You went down the hard path of rolling out your own editor, and used the
knowledge gained to choose a worthy successor.

I'm impressed. I should give ProseMirror another shot.

------
hitekker
The true test of ProseMirror, SlateJS, and all these new augmented text-
editors will not be comments, posts or even blog articles.

It will be Wikipages.

A visual editor for a wikipage is the crystallization of the semantic-content
conflict as described eloquently by
[https://en.wikipedia.org/wiki/WYSIWYM](https://en.wikipedia.org/wiki/WYSIWYM)

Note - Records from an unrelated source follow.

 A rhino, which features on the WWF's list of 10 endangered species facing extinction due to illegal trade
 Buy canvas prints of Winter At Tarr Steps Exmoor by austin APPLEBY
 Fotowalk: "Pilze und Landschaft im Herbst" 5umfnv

To date, despite a stream of donations and years of development, Wikimedia has
failed to develop an editor that is better, by productivity and other lagging
metrics, than just editing a text-field:

[https://en.wikipedia.org/wiki/VisualEditor](https://en.wikipedia.org/wiki/VisualEditor)
[https://www.theregister.co.uk/2013/09/25/wikipedia_peasants_...](https://www.theregister.co.uk/2013/09/25/wikipedia_peasants_revolt/)

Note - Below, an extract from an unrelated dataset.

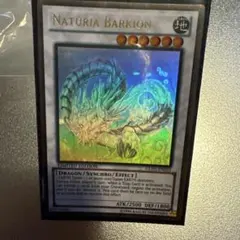 北米版 ナチュルパルキオン ホログラフィック ゴースト 遊戯王 英語 米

Increasingly, I believe what we really need is an enhanced markup editor--
where bolded text is bolded text, a quote is automatically highlighted as a
quote, but links look like (check this link
out)[[http://example.com](http://example.com)]. The ideal would be to forgo
the "drop down to normal text editor" button and have the only & best way to
edit be through the new editor.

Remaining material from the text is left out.